The MongoDB Node.js driver automatically splits a large bulk operation that exceeds the 16MB BSON limit into smaller batches to ensure successful execution
The MongoDB Node.js driver handles bulk operations that exceed the 16MB BSON document size limit by automatically splitting them into smaller, manageable batches . This is a built-in feature of the driver that shields developers from having to manually manage the 16MB limit. When you submit a large bulk operation, the driver calculates the size of each operation and groups them into batches that stay within both the 16MB BSON size limit and the server's maxWriteBatchSize limit (which is 100,000 operations) . These batches are then sent sequentially to the server, and the driver reassembles the results before returning a unified response.
The driver implements a sophisticated batching mechanism that evaluates each operation's BSON size before including it in a batch. The driver uses bson.calculateObjectSize() to determine the exact size of each operation . When adding operations to a batch, the driver checks two critical thresholds: the per-batch operation count (default 1000, but server limit is 100,000) and the cumulative BSON size (approaching 16MB). If adding another operation would exceed either threshold, the driver seals the current batch, sends it to the server, and begins a new batch for remaining operations . This process continues until all operations have been executed.
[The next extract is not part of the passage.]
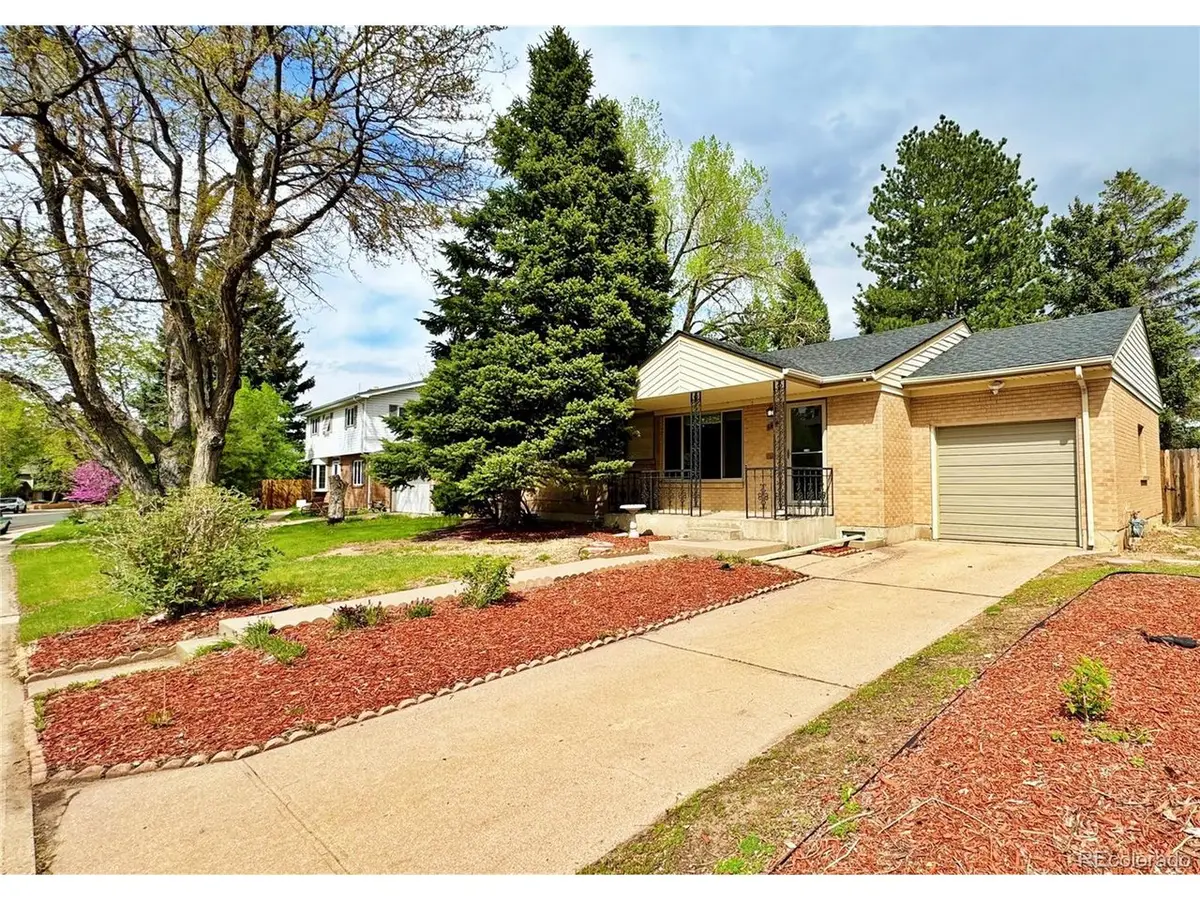 6644 S Race Cir, Centennial, CO 80121 - Image #1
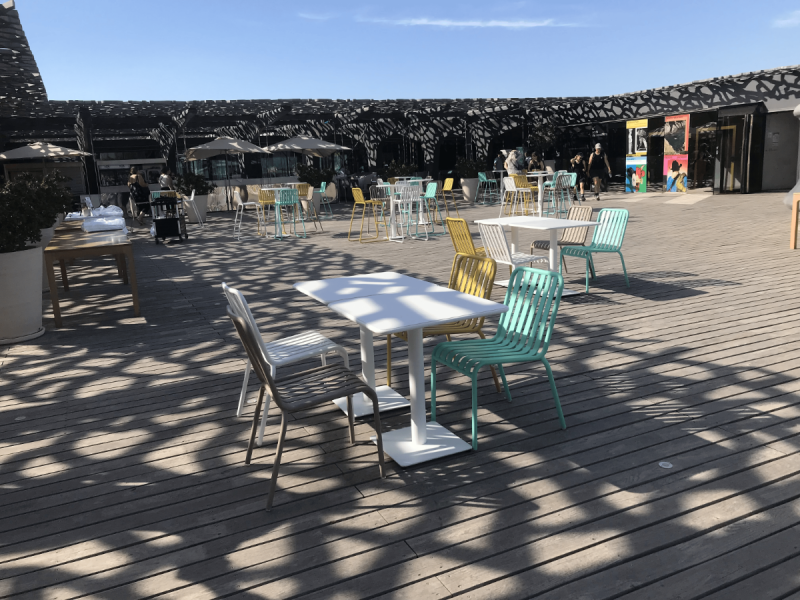 Location de chaise d'extérieur tendance mastic sur Marseille et la région PACA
The driver's size calculation is precise. When building a batch, it tracks both the currentBatchSize (number of operations) and currentBatchSizeBytes (total BSON size). For each new operation, it calculates maxKeySize + bsonSize and checks if this would push the batch over the limit . The driver specifically sets ignoreUndefined: false during BSON size calculation to ensure accurate sizing, even when documents contain undefined values that might otherwise be omitted from size estimates . This prevents the under-counting that could otherwise cause batches to exceed the 16MB limit at the server level.
This automatic splitting behavior was not always present in all MongoDB tools. In older versions of the mongo shell (prior to 3.2), bulk operations that exceeded 16MB would simply fail with an error like 'Object size 16795903 exceeds limit of 16793600 bytes' . This was fixed in a Jira ticket (SERVER-23107) that improved the shell to split by size, bringing it in line with the behavior of the Python and C drivers. The Node.js driver has long included this intelligent batching behavior, making it robust for large-scale data operations . Modern versions of the driver (3.6+) continue to handle this seamlessly .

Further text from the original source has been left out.